Data section below:
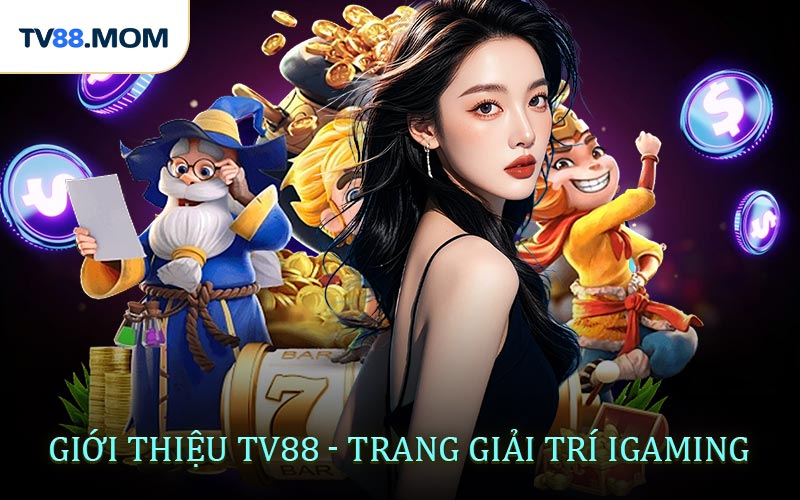 Giới Thiệu TV88 Nền Tảng Giải Trí iGaming Hàng Đầu Châu Á - RIXO.GAMES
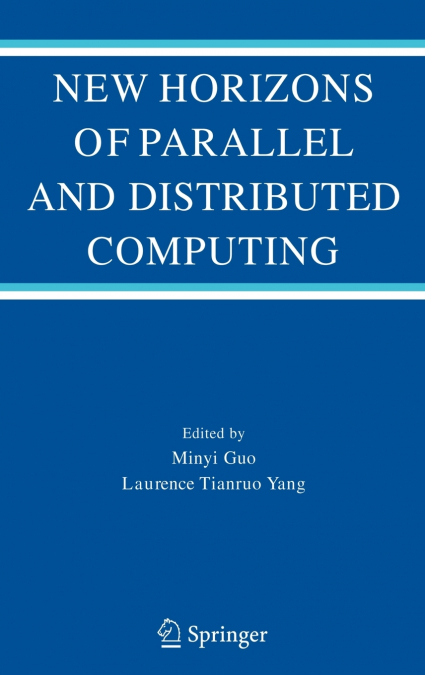 New Horizons of Parallel and Distributed Computing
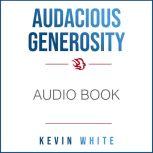 Audacious Generosity How to Experience, Receive, and Give More Than You Ever Thought Possible, Kevin White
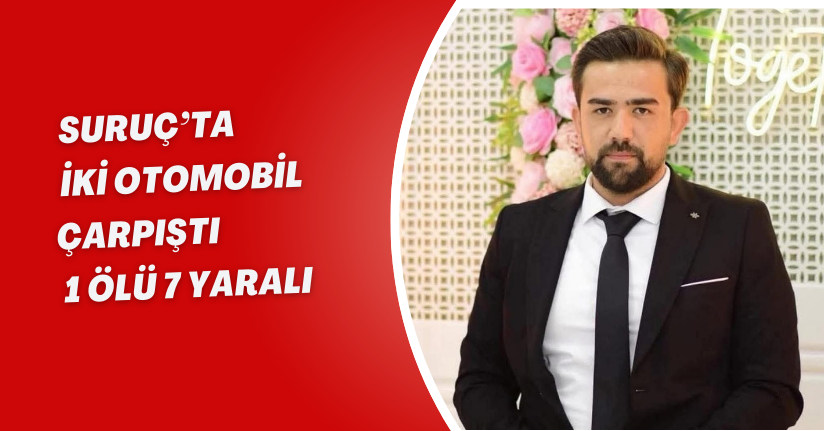 Suruç’ta iki otomobil çarpıştı: 1 ölü, 7 yaralı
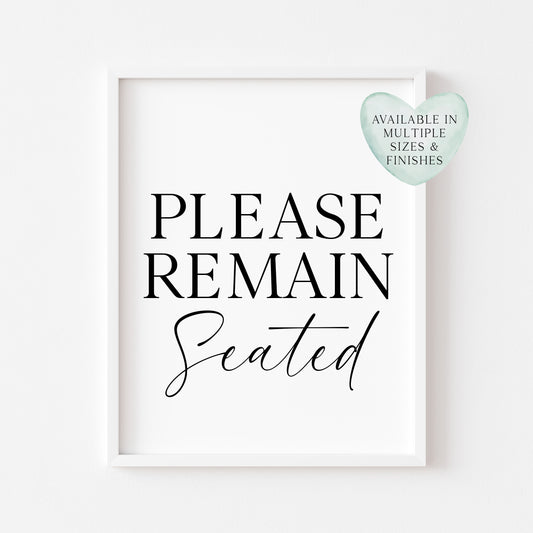 Please remain seated bathroom wash room toilet unframed wall art poster print, bathroom signs, bathroom accessories, bathroom pictures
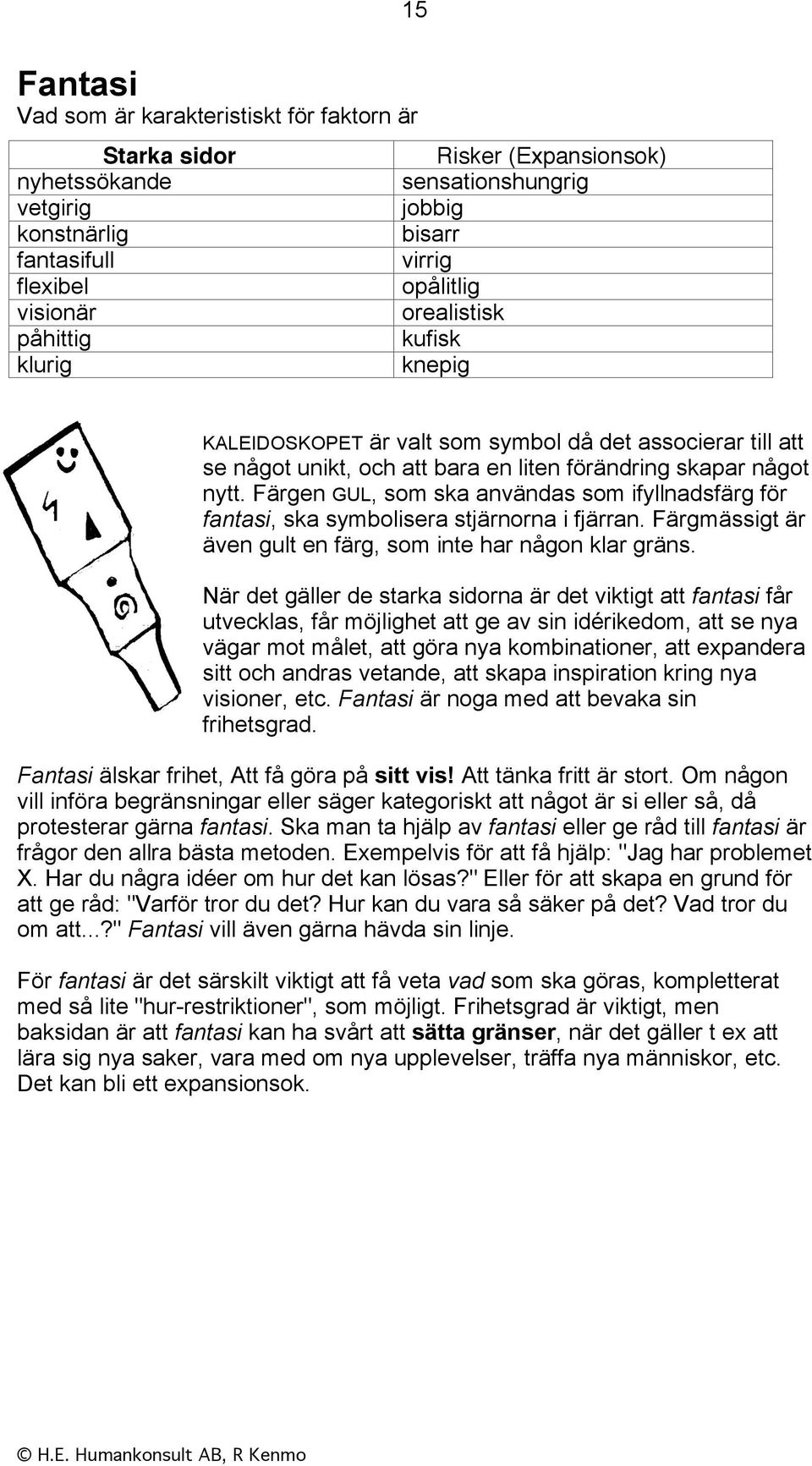 Färgen GUL, som ska användas som ifyllnadsfärg för fantasi, ska symbolisera stjärnorna i fjärran. Färgmässigt är även gult en färg, som inte har någon klar gräns.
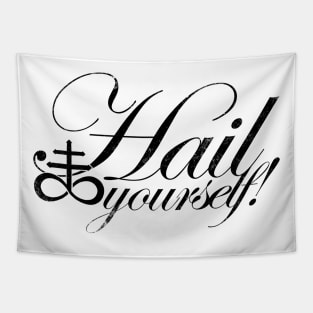 Hail Yourself! - BLACK Tapestry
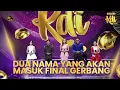 Lagu Siapakah Dua Nama Yang Akan Masuk Ke Dalam Final Gerbang  | GERBANG KDI 2025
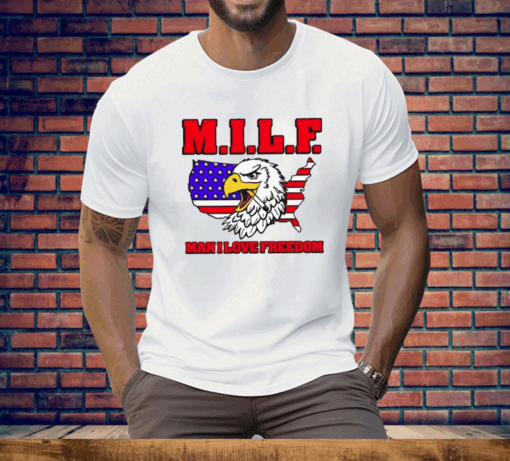 Milf Eagle Man I Love Freedom Tee Shirt - Image 3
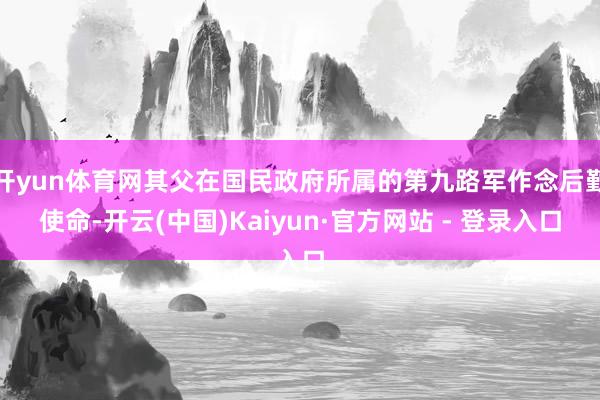开yun体育网其父在国民政府所属的第九路军作念后勤使命-开云(中国)Kaiyun·官方网站 - 登录入口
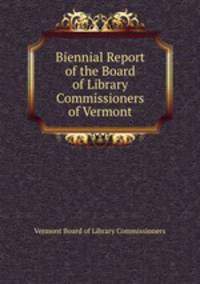 Biennial Report of the Board of Library Commissioners of Vermont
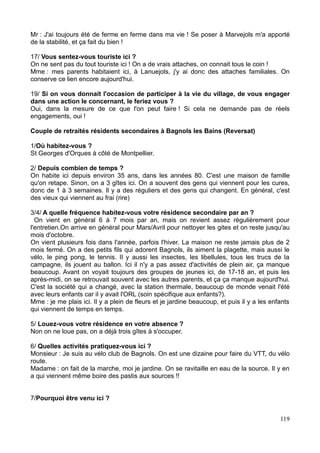 Mr : J'ai toujours été de ferme en ferme dans ma vie ! Se poser à Marvejols m'a apporté
de la stabilité, et ça fait du bien !
17/ Vous sentez-vous touriste ici ?
On ne sent pas du tout touriste ici ! On a de vrais attaches, on connait tous le coin !
Mme : mes parents habitaient ici, à Lanuejols, j'y ai donc des attaches familiales. On
conserve ce lien encore aujourd'hui.
19/ Si on vous donnait l'occasion de participer à la vie du village, de vous engager
dans une action le concernant, le feriez vous ?
Oui, dans la mesure de ce que l'on peut faire ! Si cela ne demande pas de réels
engagements, oui !
Couple de retraités résidents secondaires à Bagnols les Bains (Reversat)
1/Où habitez-vous ?
St Georges d'Orques à côté de Montpellier.
2/ Depuis combien de temps ?
On habite ici depuis environ 35 ans, dans les années 80. C'est une maison de famille
qu'on retape. Sinon, on a 3 gîtes ici. On a souvent des gens qui viennent pour les cures,
donc de 1 à 3 semaines. Il y a des réguliers et des gens qui changent. En général, c'est
des vieux qui viennent au frai (rire)
3/4/ A quelle fréquence habitez-vous votre résidence secondaire par an ?
On vient en général 6 à 7 mois par an, mais on revient assez régulièrement pour
l'entretien.On arrive en général pour Mars/Avril pour nettoyer les gites et on reste jusqu'au
mois d'octobre.
On vient plusieurs fois dans l'année, parfois l'hiver. La maison ne reste jamais plus de 2
mois fermé. On a des petits fils qui adorent Bagnols, ils aiment la plagette, mais aussi le
vélo, le ping pong, le tennis. Il y aussi les insectes, les libellules, tous les trucs de la
campagne, ils jouent au ballon. Ici il n'y a pas assez d'activités de plein air, ça manque
beaucoup. Avant on voyait toujours des groupes de jeunes ici, de 17-18 an, et puis les
après-midi, on se retrouvait souvent avec les autres parents, et ça ça manque aujourd'hui.
C'est la société qui a changé, avec la station thermale, beaucoup de monde venait l'été
avec leurs enfants car il y avait l'ORL (soin spécifique aux enfants?).
Mme : je me plais ici. Il y a plein de fleurs et je jardine beaucoup, et puis il y a les enfants
qui viennent de temps en temps.
5/ Louez-vous votre résidence en votre absence ?
Non on ne loue pas, on a déjà trois gîtes à s'occuper.
6/ Quelles activités pratiquez-vous ici ?
Monsieur : Je suis au vélo club de Bagnols. On est une dizaine pour faire du VTT, du vélo
route.
Madame : on fait de la marche, moi je jardine. On se ravitaille en eau de la source. Il y en
a qui viennent même boire des pastis aux sources !!
7/Pourquoi être venu ici ?
119
 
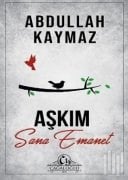 Aşkım Sana Emanet - Abdullah KAYMAZ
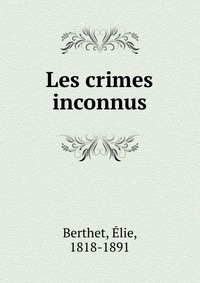 Elie Berthet - «Les crimes inconnus»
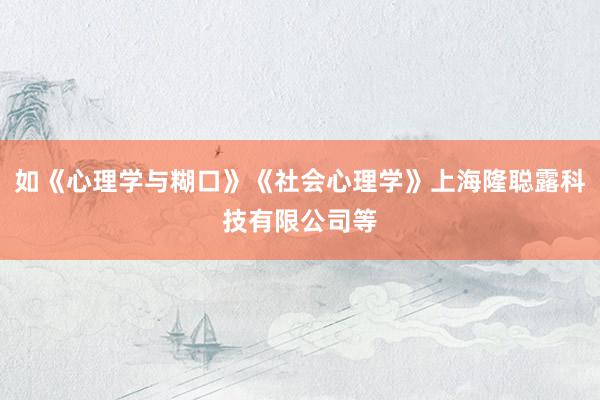 如《心理学与糊口》《社会心理学》上海隆聪露科技有限公司等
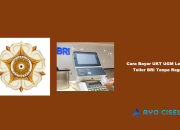 Cara Bayar UKT UGM Lewat Teller BRI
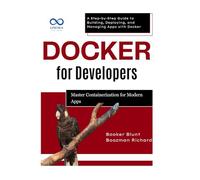 Docker for Developers: Master Containerization for Modern Apps: A Step-by-Step Guide to Building, Deploying, and Managing Apps with Docker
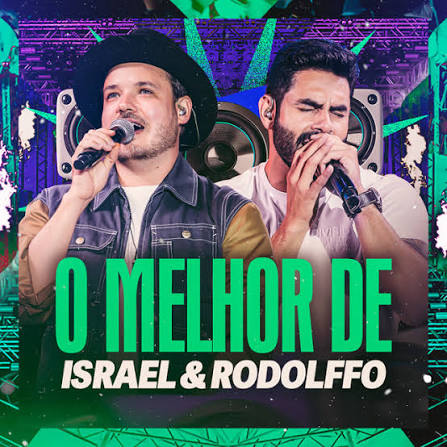 Israel e Rodolffo - As Melhores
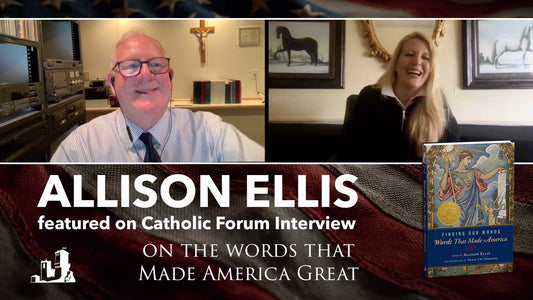 Allison Ellis on Catholic Forum: Finding Our Words & America’s Ideals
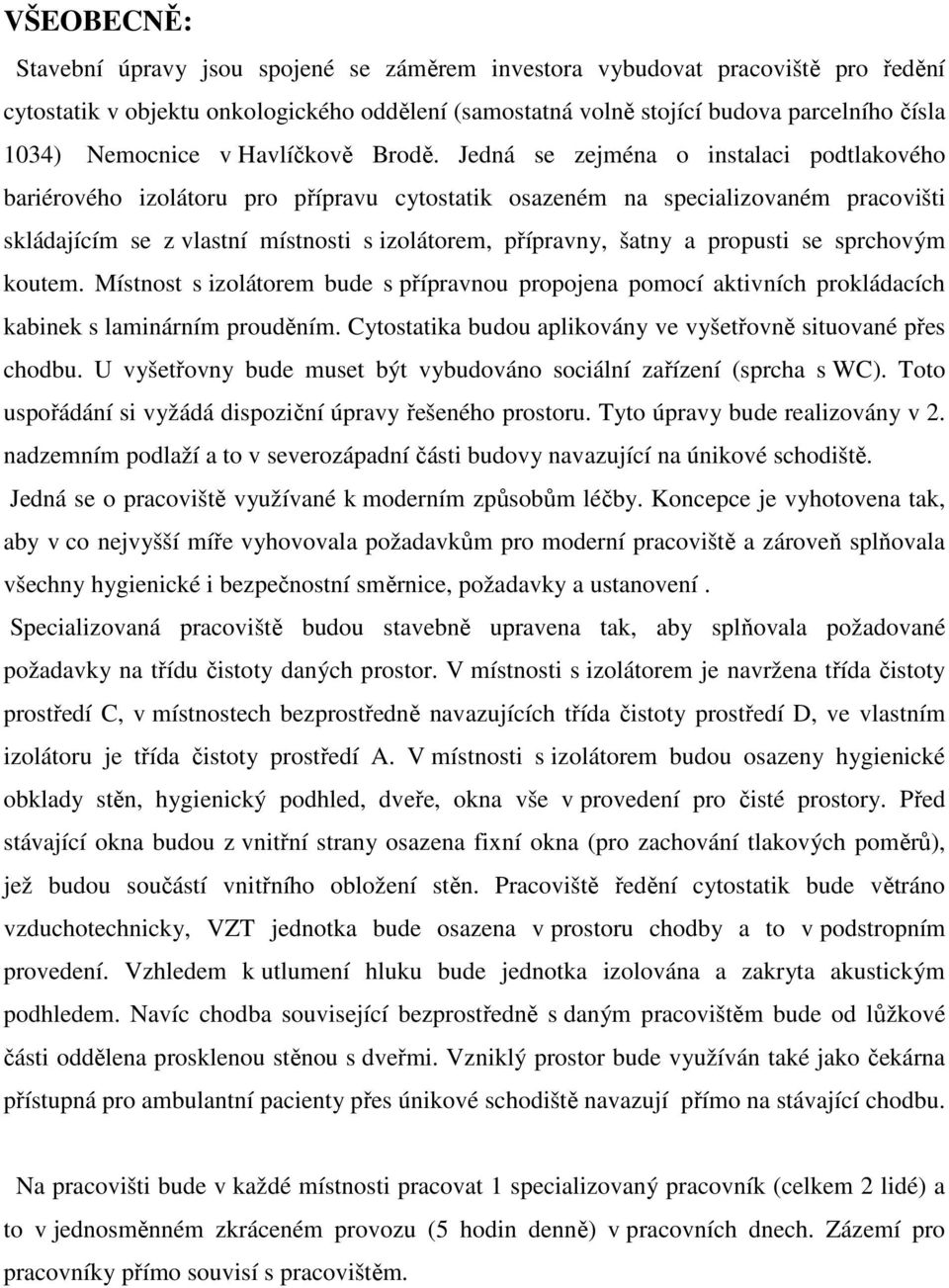Jedná se zejména o instalaci podtlakového bariérového izolátoru pro přípravu cytostatik osazeném na specializovaném pracovišti skládajícím se z vlastní místnosti s izolátorem, přípravny, šatny a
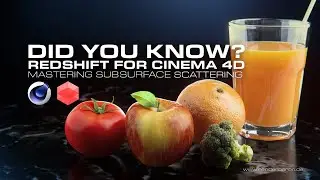 Did You Know? Redshift for Cinema 4D: Mastering Subsurface Scattering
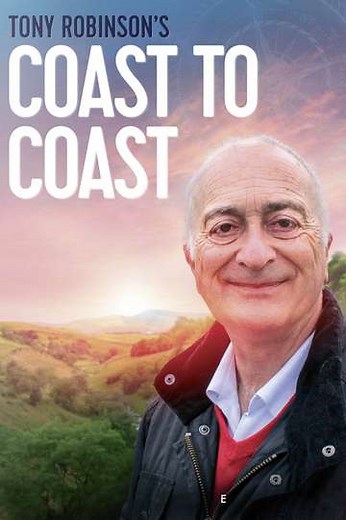 Tony Robinson: Coast to Coast (2017) - TV Show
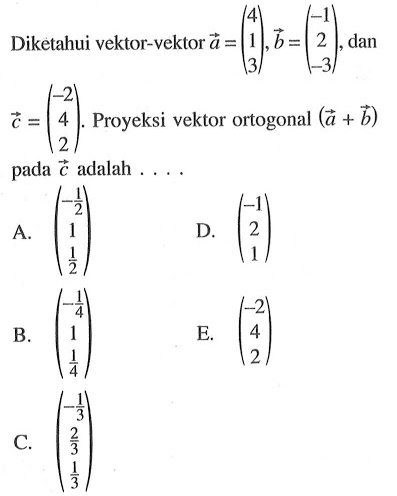 Diketahui vektor-vektor a=(4 1 3), b=(-1 2 -3), dan c=(-2 4 2). Proyeksi vektor ortogonal (a+b) pada c adalah ....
End of Data section.
### Problem statement:
Retype the records above, but only those lines that fall between the line containing "conserve ce lien encore aujourd'hui." and the line containing "Couple de retraités", with both of those lines included, exactly as written.

### Written response:
conserve ce lien encore aujourd'hui.
19/ Si on vous donnait l'occasion de participer à la vie du village, de vous engager
dans une action le concernant, le feriez vous ?
Oui, dans la mesure de ce que l'on peut faire ! Si cela ne demande pas de réels
engagements, oui !
Couple de retraités résidents secondaires à Bagnols les Bains (Reversat)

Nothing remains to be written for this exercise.